The tunnel in the area where the fire broke out is likely to be embedded in the most fault-ridden part of the chalk marl strata, which was chosen to house the twin bore structure.
During investigations for an earlier crossing in the 1880s, engineers discovered the 15m to 30m thick band of chalk marl stretching between the English and French coasts at the base of the English Channel’s seabed chalk stratum.
A century later, construction of the Channel Tunnel took advantage of the same chalk marl band – a decision based on the logic that it was stable and would cause relatively few tunnelling problems. Click here for image of tunnel geology.
But, geophysical investigation boreholes uncovered a number of faults on the French side of the Channel – predominantly along the first few kilometres of the tunnel alignment from Sangatte. Few were found on the UK side.

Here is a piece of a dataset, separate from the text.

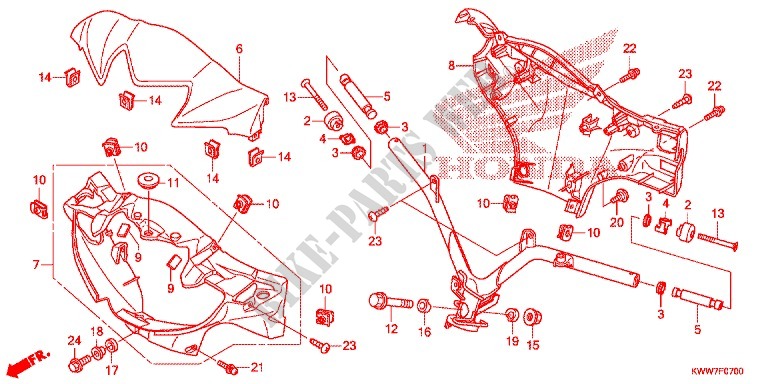 GUIDON   CARENAGE pour Honda WAVE 110 disque frein avant de 2013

University of Plymouth school of Earth, Ocean and Environmental Sciences associate dean Professor Malcolm Hart said tunnellers feared water ingress through these faults, creating adverse tunnelling conditions.
However, the conditions confounded tunnellers: “The French used earth-pressure balanced machines because they were expecting wet ground due to faults in the rock above the alignment. In fact the ground was largely dry,” a senior geologist directly involved in the tunnel’s construction told NCE.
In addition, during tunnelling, workers had to take care to locate boreholes drilled for earlier investigation work. If the tunnel boring machine had met one of them it could have resulted in seawater ingress into the tunnel workings.
As advances were made, workers took cores from the ground surrounding the service tunnel, which helped the team keep check on the tunnels exact position within the chalk marl by determining the horizons of the strata above and below the tunnel.